One should note that the tested AOA and AOB strains only biotransformed two out of the ten MPs, whereas all of the ten MPs underwent biotransformation at various degrees in the tested nitrifying activated sludge (data not shown). In addition, in the nitrifying activated sludge, TPs other than the ones mainly formed by the pure AOA/AOB strains were also detected (i.e., MIA N-oxide, RAN S-oxide). If we assume that the AOA/AOB in sludge communities may behave similarly as the isolates, it indicates that not all of the MP biotransformation in the sludge can be solely attributed to ammonia oxidizers. This is also supported by a number of inhibition studies on nitrifying activated sludge.[5,9,54]

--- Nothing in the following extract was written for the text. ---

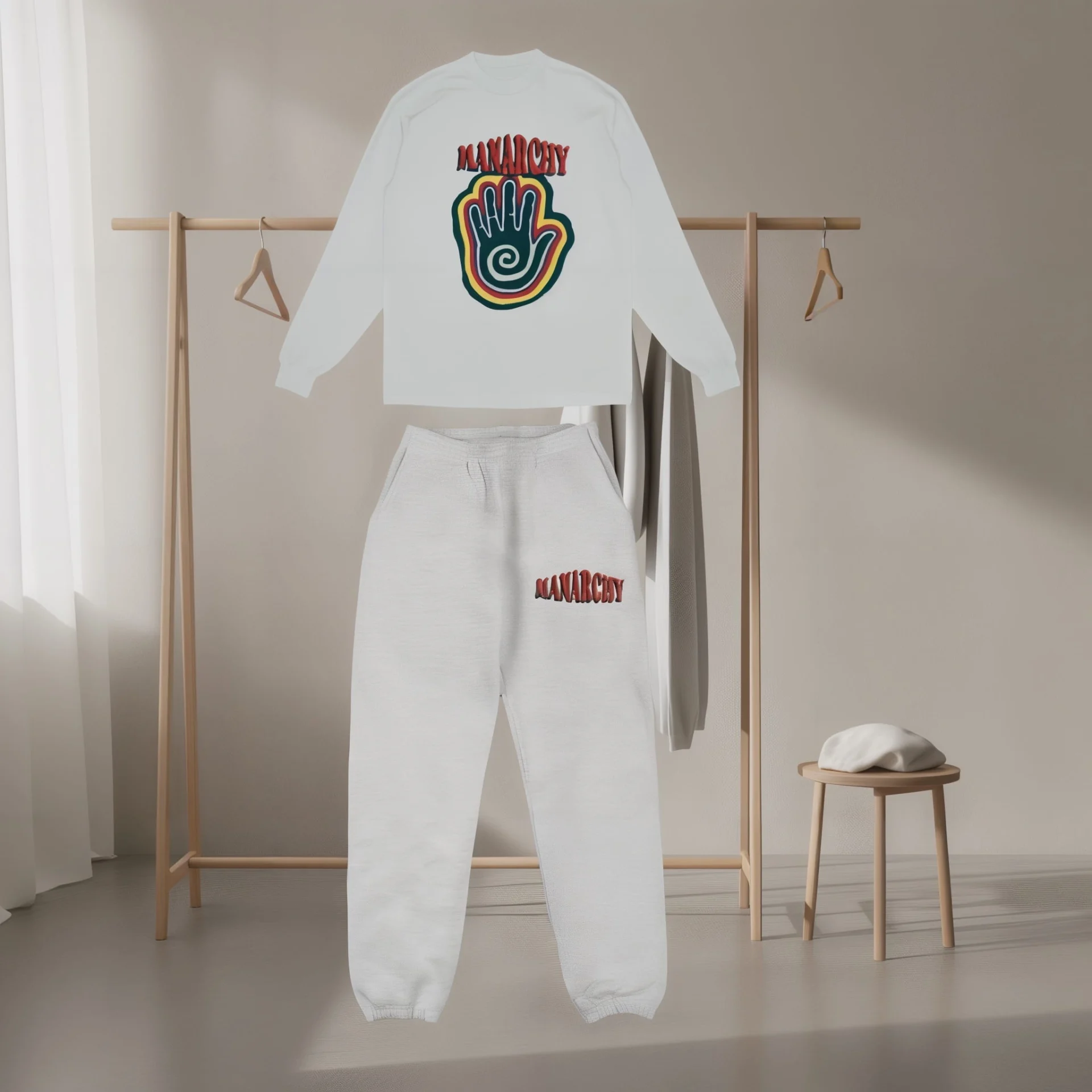 THE MANARCHY ONE LOVE SET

In summary, this study represents an important step forward to fill the knowledge gap on MP biotransformation by AOA. First, we provide examples (i.e., MIA and RAN) of MP biotransformation by an AOA pure culture, unraveling a new ecosystem service of AOA in natural and engineered environments. Second, we analyzed the TPs, and the MIA TP was formed via oxidative reactions that typically carried out by monooxygenases. Third, we report several observations that point toward cometabolic biotransformation. These findings provide valuable information regarding the biotransformation kinetics, mechanisms, and transformation products by autotrophic ammonia oxidizers, particularly the archaeal group. However, because environmental microbial communities, such as activated sludge in WWTPs consist of different metabolically diverse microorganisms, and ammonia oxidizers are only part of them, it is important and necessary to examine also the roles played by the other microorganisms, such as heterotrophs possessing unspecific monooxygenases, to reach a more comprehensive and curated understanding of MP biotransformation in a complex community.